The chancellor said workers would be able to take up shares in start-up firms in exchange for signing away some of their rights, along the lines of the Adrian Beecroft review.
"Workers of the world unite," Osborne joked to Tory delegates in Birmingham.
"Our entire economic policy is an enterprise policy"
"We knew two years ago the task we were taking on was a great one. But when we make the hard decisions we do not do so alone because we have the British people at our side."
The voluntary scheme would be encouraged by a government pledge to charge no capital gains tax on the shares in the mutually-owned start-up firms.
Osborne also announced a "generous new tax regime" for shale gas.
Elsewhere in the speech, the chancellor announced even more cuts to the benefits system and ruled out the mansions tax proposal put forward at the Liberal Democrat conference.
"It would be sold as a mansion tax but you'd soon find most of the homes in the country labelled a mansion," he said.
"It's not a mansion tax it's a home tax and this party of home ownership will have no truck with it."
The comments won strong support in the hall, but will alienate many senior Liberal Democrats, who went out of their way to convince members they could implement the tax.
Osborne used the speech to announce plans to strip a further £10 billion from the welfare budget by 2016, probably through scrapping housing benefit for unemployed under-25s and reductions to child tax credits.
Liberal Democrat president Tim Farron tweeted: "The Tory £10bn welfare cuts have not been agreed to by the Lib Dems.
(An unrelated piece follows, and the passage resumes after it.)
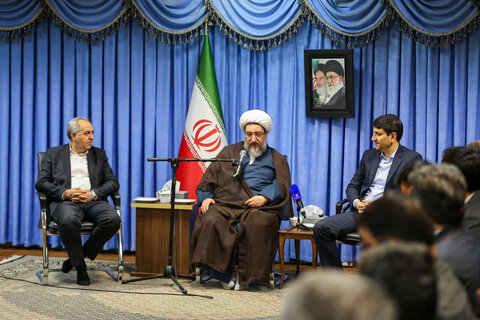 تصاویر | دیدار وزیر ارتباطات و فناوری اطلاعات با نماینده ولی فقیه در استان آذربابجان شرقی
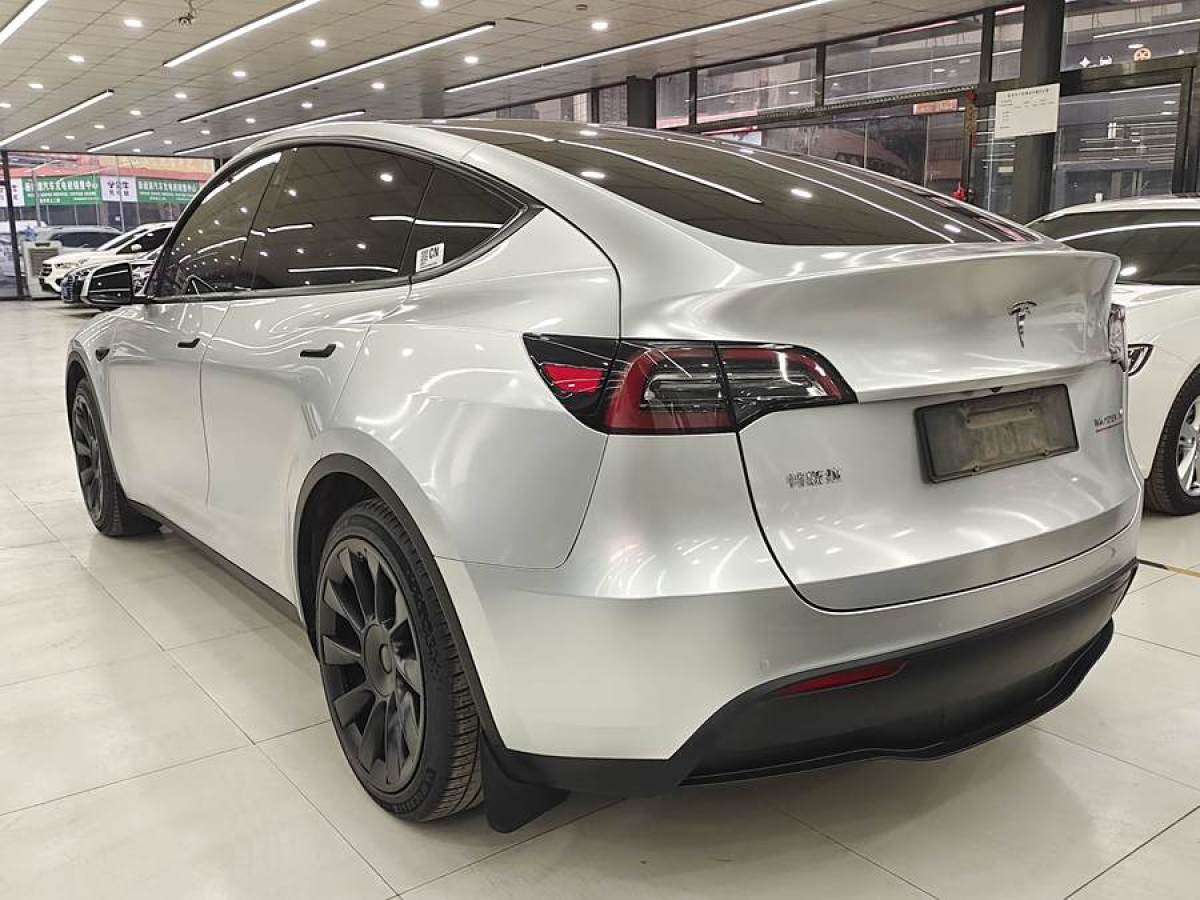 特斯拉 Model 3  2022款 后輪驅(qū)動版圖片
We can’t allow them to balance the books on the backs of the poor."
The chancellor needs to find extra savings of £16 billion in 2015/16 to meet his own fiscal targets, but prominent economists have already warned him any further raids could spook the markets.
All but one of 18 economists surveyed by Bloomberg news last week warned the government against further cuts.
"There are no easy options for the government here," Melanie Baker, chief UK economist at Morgan Stanley, said.
"The least worst option, we think, would be to stick to the existing austerity plans and make no attempt to repair the fiscal slippage."
Even welfare secretary Iain Duncan Smith is understood to be jittery about any new cuts to the benefits budget, although he and Osborne tried to dispel rumours of a falling out this morning with a joint-written article in the Daily Mail.
The chancellor promised the rich would pay their fair share of tax but there was no details of how, beyond a pledge to crack down on more tax evasion.
Benefits cuts are easily the most popular area of the government's spending programme, with regular polls showing widespread support.